Selected research projects and open-source contributions.
Eclair
First author of Eclair, a document-understanding model that extracts formatted text, tables, formulas, and reading order. Asymmetric design (larger vision encoder, lightweight decoder), no positional embeddings in the decoder, multi-token prediction, and a single prompt-controlled output format. Adopted across NVIDIA's pipelines for pre-training data (50B+ tokens) and VLM distillation; shipped as Nemotron Parse. Underpinned NVIDIA's Llama Nemotron Nano VL, which ranked first on OCRBench v2.
NVIDIA Nemotron Parse
Co-author of Nemotron Parse 1.1, the productized follow-up to my first-authored Eclair. Open weights, optimized NIM container, deployed via NVIDIA's build platform. v1.1 adds a token-compressed variant (20% speed gain), improved reading order, and longer output sequences.
NVIDIA Nemotron VLMs
NVIDIA's vision-language and omni-modal models, Nemotron Nano V2 VL and Nemotron 3 Nano Omni, for document understanding, long video, and reasoning.
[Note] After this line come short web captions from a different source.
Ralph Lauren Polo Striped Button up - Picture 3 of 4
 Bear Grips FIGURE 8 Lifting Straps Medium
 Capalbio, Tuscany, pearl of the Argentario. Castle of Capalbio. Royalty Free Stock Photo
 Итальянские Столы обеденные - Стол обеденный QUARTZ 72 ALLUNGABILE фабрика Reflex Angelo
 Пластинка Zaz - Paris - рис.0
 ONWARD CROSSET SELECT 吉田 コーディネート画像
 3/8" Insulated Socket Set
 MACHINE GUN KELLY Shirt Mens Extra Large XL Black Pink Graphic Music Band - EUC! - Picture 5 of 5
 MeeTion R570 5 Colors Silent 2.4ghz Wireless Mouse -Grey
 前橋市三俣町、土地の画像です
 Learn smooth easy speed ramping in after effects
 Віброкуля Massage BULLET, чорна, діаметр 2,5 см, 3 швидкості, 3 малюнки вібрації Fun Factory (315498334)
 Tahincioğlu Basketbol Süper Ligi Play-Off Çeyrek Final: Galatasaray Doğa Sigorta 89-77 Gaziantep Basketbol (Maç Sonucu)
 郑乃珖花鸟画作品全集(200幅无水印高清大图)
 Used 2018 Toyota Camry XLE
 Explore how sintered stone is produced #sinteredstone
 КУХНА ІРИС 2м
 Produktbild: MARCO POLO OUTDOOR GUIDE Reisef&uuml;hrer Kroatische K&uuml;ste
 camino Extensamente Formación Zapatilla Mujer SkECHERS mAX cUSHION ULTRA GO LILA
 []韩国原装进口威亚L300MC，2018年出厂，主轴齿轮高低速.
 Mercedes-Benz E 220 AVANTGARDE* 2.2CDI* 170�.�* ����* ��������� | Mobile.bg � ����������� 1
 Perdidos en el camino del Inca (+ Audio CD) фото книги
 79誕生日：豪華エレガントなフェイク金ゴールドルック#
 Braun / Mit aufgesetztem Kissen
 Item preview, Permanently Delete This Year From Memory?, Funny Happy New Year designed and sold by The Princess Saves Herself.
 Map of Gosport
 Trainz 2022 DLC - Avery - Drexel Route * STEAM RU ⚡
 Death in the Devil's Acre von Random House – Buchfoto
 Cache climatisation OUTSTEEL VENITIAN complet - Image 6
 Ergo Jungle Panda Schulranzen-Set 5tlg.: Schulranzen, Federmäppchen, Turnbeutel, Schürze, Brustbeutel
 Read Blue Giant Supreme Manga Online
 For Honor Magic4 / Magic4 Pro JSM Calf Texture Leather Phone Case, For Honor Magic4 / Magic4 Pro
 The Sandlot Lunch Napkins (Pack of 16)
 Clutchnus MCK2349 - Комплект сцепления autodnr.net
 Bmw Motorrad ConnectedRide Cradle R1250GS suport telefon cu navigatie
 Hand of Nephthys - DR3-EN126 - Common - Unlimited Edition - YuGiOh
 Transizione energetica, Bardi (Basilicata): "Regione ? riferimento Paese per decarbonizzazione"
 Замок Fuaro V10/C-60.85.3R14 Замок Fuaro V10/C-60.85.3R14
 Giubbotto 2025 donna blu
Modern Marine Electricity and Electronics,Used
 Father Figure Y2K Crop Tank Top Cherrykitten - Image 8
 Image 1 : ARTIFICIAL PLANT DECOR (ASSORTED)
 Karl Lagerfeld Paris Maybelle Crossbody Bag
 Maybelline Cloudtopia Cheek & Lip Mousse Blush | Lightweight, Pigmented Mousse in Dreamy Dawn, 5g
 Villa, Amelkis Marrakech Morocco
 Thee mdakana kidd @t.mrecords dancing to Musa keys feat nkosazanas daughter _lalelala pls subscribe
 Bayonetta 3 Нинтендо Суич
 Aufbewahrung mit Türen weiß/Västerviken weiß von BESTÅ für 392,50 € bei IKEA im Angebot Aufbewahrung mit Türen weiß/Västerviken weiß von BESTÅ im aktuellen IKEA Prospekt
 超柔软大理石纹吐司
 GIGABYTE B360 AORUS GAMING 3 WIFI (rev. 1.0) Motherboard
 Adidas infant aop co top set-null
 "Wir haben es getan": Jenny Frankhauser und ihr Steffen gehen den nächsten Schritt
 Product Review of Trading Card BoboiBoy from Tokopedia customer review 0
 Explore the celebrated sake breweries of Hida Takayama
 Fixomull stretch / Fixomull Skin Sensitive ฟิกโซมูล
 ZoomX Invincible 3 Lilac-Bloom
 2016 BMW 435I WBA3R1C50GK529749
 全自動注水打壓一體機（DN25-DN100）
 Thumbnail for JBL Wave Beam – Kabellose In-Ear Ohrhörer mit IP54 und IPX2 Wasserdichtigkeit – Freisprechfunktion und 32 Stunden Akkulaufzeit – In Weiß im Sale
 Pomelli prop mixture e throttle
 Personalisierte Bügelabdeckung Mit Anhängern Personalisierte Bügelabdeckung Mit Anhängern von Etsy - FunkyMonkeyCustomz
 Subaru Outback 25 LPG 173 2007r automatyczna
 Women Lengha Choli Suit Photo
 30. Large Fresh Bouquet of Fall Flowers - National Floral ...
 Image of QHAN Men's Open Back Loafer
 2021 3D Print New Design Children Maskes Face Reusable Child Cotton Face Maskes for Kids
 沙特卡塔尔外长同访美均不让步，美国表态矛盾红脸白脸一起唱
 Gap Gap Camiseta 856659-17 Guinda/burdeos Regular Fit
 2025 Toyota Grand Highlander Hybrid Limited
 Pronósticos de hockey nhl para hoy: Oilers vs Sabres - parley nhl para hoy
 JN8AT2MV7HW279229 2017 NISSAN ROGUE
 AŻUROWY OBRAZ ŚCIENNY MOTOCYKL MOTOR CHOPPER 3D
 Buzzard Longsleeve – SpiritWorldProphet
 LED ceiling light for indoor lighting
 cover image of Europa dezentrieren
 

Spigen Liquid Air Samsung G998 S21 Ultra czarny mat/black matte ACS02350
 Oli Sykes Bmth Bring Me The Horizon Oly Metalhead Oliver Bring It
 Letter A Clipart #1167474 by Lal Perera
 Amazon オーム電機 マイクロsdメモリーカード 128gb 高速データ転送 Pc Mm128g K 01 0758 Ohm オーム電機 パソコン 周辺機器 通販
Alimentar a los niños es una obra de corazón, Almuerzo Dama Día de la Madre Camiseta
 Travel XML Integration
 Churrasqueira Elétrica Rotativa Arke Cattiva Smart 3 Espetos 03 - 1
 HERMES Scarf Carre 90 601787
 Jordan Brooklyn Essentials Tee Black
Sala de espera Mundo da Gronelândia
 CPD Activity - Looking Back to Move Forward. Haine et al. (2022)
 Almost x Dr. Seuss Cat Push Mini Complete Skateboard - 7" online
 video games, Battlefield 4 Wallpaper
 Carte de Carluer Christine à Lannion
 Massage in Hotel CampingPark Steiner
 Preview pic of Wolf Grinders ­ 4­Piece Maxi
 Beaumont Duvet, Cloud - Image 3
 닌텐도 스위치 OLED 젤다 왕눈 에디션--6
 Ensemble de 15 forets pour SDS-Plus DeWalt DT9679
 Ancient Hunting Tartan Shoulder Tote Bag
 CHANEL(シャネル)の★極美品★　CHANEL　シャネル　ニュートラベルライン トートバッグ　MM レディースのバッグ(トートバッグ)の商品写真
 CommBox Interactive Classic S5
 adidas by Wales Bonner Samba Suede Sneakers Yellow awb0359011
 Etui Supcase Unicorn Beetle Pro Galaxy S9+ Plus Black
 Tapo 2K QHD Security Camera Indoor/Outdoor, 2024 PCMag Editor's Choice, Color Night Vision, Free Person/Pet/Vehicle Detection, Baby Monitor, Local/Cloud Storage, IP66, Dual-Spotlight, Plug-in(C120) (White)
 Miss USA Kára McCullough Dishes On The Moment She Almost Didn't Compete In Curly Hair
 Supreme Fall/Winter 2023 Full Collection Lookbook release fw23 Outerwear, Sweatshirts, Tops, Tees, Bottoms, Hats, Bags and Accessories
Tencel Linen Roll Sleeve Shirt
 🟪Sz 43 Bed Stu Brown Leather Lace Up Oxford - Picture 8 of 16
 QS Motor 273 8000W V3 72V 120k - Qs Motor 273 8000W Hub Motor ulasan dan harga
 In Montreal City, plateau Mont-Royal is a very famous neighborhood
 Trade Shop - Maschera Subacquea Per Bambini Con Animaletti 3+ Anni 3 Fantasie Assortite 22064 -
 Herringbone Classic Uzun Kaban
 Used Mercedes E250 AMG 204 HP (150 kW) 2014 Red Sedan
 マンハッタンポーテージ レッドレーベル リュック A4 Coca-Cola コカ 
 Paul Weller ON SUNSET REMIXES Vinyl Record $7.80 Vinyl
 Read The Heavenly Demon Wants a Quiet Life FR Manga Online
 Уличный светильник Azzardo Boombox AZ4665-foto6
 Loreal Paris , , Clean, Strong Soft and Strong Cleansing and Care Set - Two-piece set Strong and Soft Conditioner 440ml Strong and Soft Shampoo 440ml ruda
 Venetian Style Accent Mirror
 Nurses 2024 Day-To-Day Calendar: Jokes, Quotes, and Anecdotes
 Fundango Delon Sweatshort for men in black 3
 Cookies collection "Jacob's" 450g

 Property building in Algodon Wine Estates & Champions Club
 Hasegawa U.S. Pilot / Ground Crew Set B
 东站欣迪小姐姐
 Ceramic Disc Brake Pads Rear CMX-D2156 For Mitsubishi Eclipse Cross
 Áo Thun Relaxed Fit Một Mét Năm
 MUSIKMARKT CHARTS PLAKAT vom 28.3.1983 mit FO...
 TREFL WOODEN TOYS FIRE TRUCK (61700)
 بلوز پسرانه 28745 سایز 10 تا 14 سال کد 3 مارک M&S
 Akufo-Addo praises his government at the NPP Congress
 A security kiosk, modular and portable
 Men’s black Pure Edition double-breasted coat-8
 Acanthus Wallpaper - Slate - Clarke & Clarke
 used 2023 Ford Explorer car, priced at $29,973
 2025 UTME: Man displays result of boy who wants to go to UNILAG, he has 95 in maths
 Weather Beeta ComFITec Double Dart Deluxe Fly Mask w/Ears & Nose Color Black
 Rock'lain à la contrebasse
I work on their post-training (GRPO and on-policy distillation) and long-context evaluation (e.g. MMLongBench); the models build on pre-trained backbones.
Eagle 2 (NVlabs)
Contributed to the token-compression design for dense OCR. Eagle2-9B matches 70B+ models and is the VLM backbone of NVIDIA's GR00T-N1 robotic foundation model.
Deep Learning Framework Comparisons
Benchmarking deep learning frameworks (TensorFlow, PyTorch, MXNet, CNTK, Keras, etc.) on common architectures. 1,700+ GitHub stars, contributions from framework creators.